Since $\Sigma$ is a symmetric matrix, we can diagonalize it orthogonally, i.e. $\Sigma = Q^T \Lambda Q$, where $\Lambda = \operatorname{diag}(\lambda_1, \ldots, \lambda_n)$ are the positive eigenvalues of $\Sigma$. This allows us to define a square root of $\Sigma$ as $A := Q^T \Lambda^{1/2} Q$, where $\Lambda^{1/2} := \operatorname{diag}(\sqrt{\lambda_1}, \ldots, \sqrt{\lambda_n})$.

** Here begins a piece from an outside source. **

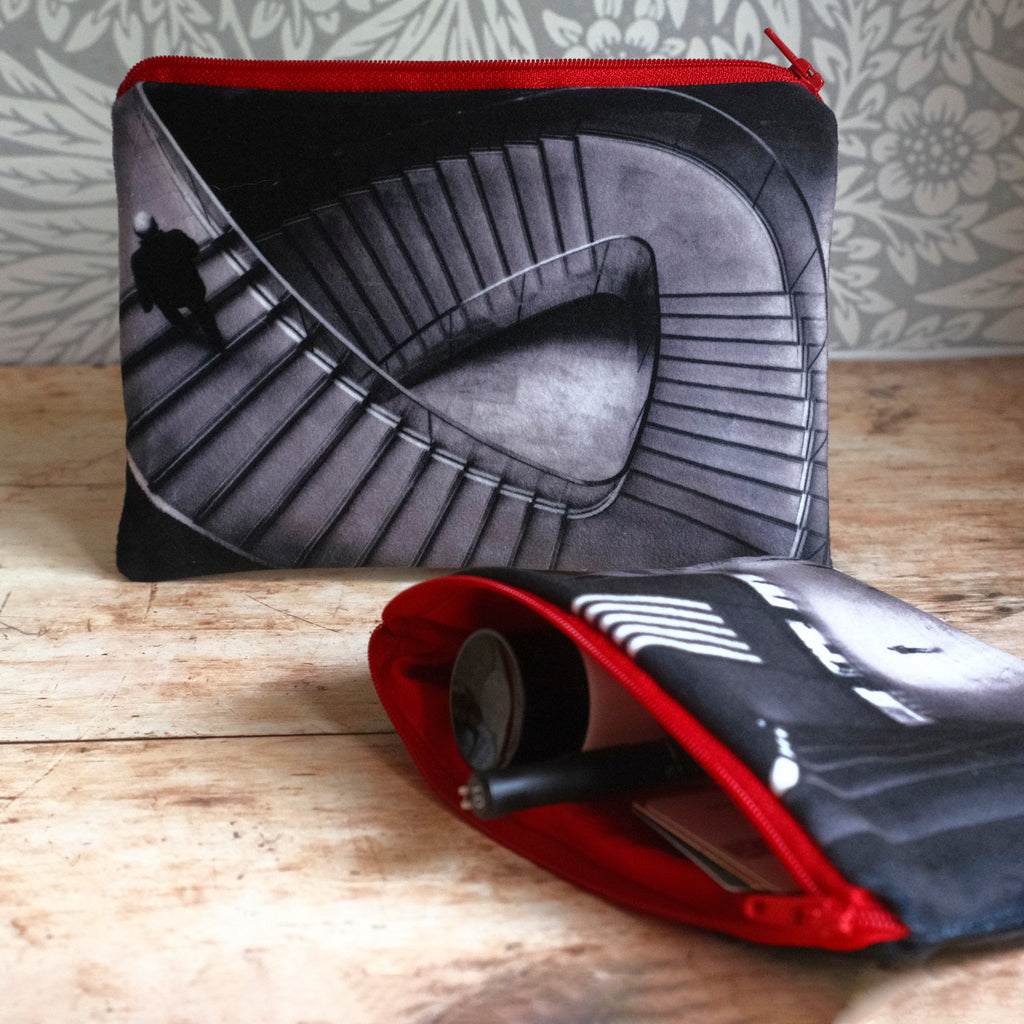 Industrial interior velvet pouch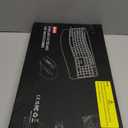 Wireless Keyboard and Mouse Combo, 2.4G Full Size Wave Keys Ergonomic Keyboard with Wrist Rest and 3-Level DPI Adjustable Wireless Ergonomic Mouse for Windows, Mac OS Desktop/Laptop/PC(Black)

Note that $A$ is a symmetric matrix that satisfies $$A \Sigma^{-1} A = (Q^t \Lambda^{1/2} Q) (Q^T \Lambda^{-1} Q) (Q^T \Lambda^{1/2} Q) = Q^T \Lambda^{1/2} \Lambda^{-1} \Lambda^{1/2} Q = Q^TQ = I_n.$$

Also, $\det A = \sqrt{\lambda_1\cdots \lambda_n} = \sqrt{\det \Sigma}$ holds.

Now consider the random variable $Z = A^{-1}(X - \mu)$. From the density transformation theorem we know that the density of $Z$ is given by

$$(\det A) \cdot \frac{1}{(2\pi)^{n/2} \sqrt{\det \Sigma}} \exp(-\tfrac{1}{2} z^t A^t \Sigma^{-1} A z) = (2\pi)^{-n/2} \exp(-\tfrac{1}{2} z^t z).$$

But this means that $Z$ consists of independent standard normal distributions, which we wanted to prove.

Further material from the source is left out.